To repeat the mantra from the elementary school teachers across the county, its time to reteach and relearn the budget math.

Wednesday, May 20, 2009

WUSA-TV: School Leader Wants To Exclude Pain In The *#&@! Parents

From WUSA-TV (channel 9) news:
A big controversy is brewing tonight in Montgomery County over a school board member blasting parents who take a little too much of an interest in their kids' education.

It started with a comment from Patricia O'Neill at the May 12 board meeting "If I was the principal working on this I might not pick the PIA's, the pain in the ass people to be at the table."
For the entire story, click here.


Friday, February 13, 2009

Rotating Promethean Boards

On January 8, 2008 (a little over a year ago), the Montgomery County Board of Education received a presentation on Technology.

Board of Education member Chris Barclay asked MCPS staff the question about how to transfer knowledge to those classes, since not all classes will have Promethean Boards.

According to page 7 of the Board of Education minutes:

http://www.montgomeryschoolsmd.org/boe/meetings/minutes/2008/010808.min.pdf

"Staff explained that the Promethean Boards will be rotated so that all students will have exposure to this technology."

A question, therefore, for Nancy Navarro and Shirley Brandman:

1. When did the plan change from "rotating" the Promethean Boards to buying thousands of them?

Can we look forward to receiving the answer to this question when the County Council Education committee takes up the issue of the Promethean Boards lease/purchase on February 23, 2009?

Friday, February 6, 2009

Navarro Board of Ed. Breaks Open Meetings Law

On January 30, 2009, the State of Maryland Open Meetings Compliance Board issued an opinion that the Montgomery "County Board did violate the Act in its failure to properly complete a written statement of the reason for the closing of the meeting on September 9."

The Open Meetings Compliance Board also found that the Montgomery County Board of Education was "not correct" in their assertion that the complainant bears the burden of proof and that there is a presumption that no violation has occurred.


In response to the filing of this complaint the Montgomery County Board of Education voluntarily changed its procedure for going into a closed session. Since the filing of this complaint, members of the public can now observe the Board voting to go into closed session prior to the Board room doors being closed. The sign stating "Board members and staff only" that is at the entrance to the conference room used for closed sessions is now to be taken down to permit the public to freely enter and observe the vote of the Board to go into closed session.

The Open Meetings Compliance Board cited the MCPS Board of Education for a violation of $10-508(d)(2)(ii) of the Open Meetings Act.
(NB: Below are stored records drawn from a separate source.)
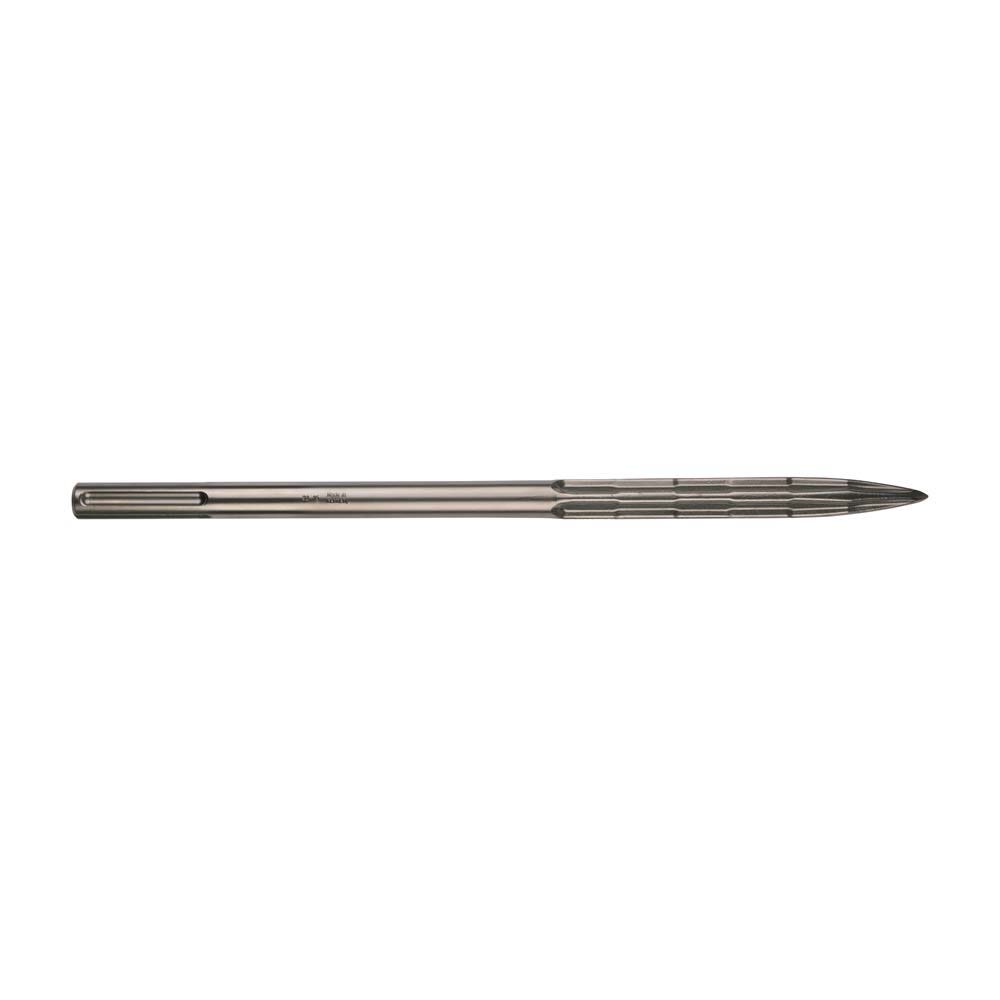 MILWAUKEE 400mm SDS MAX Sledge Point Chisel 4932478266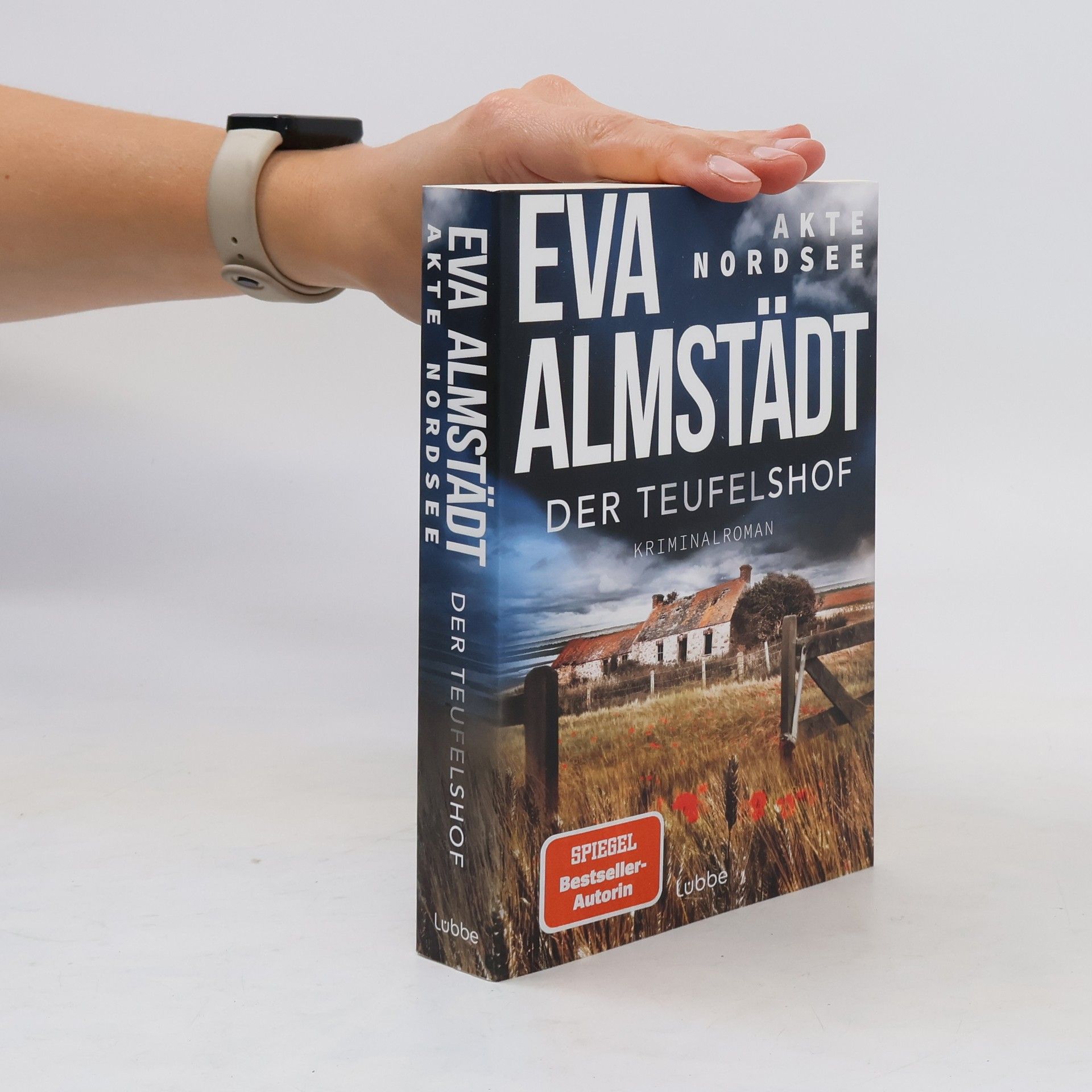 Eva Almstadt Akte Nordsee - Der Teufelshof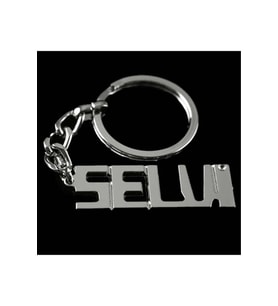 Selvi İsimli Anahtarlık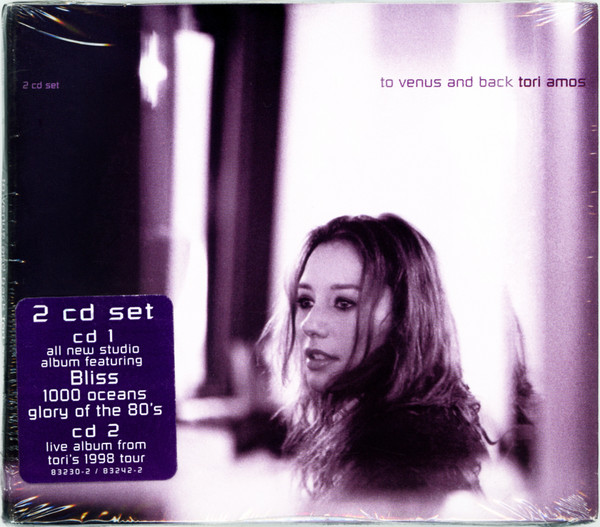 Tori Amos - To Venus And Back | Atlantic (83230-2) - 11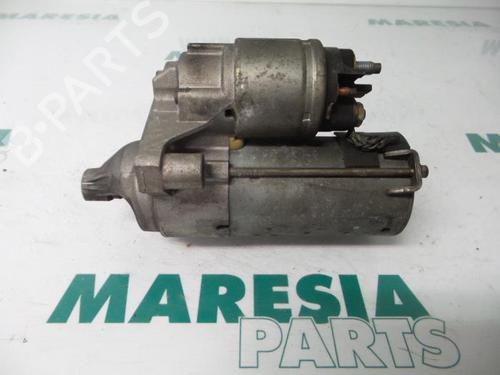 Used Starter PEUGEOT EXPERT Van (VF3A_, VF3U_, VF3X_) 1.6 HDi 90 16V (90 hp) 31496403
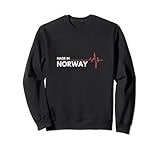 Norway "Made In" Place of Birth National Pride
The Open Meetings Board opinion states that in order to close a meeting of the MCPS Board of Education, the Board must,

"not simply cite the statutory authority, but must disclose the topic of discussion in order to allow the public to access compliance by comparing the cited authority and report topic."..."Here the written statement provided the public no information except that the meeting was closed, among other reasons, for the County Board to receive legal advice. Thus, in closing the meeting of September 9, the County Board violated $10-508(d)(2)(ii)."
What did the Board of Education fail to disclose on September 9? They failed to disclose that they were going in to a Closed Session to discuss illegal Curricular Fees that are being charged to MCPS families.

Only time will tell if the MCPS Board of Education will comply with this decision. At the time of this violation the Board of Education President was Nancy Navarro. Will the current board, led by President Shirley Brandman comply with the closed meeting disclosure requirements of Maryland law?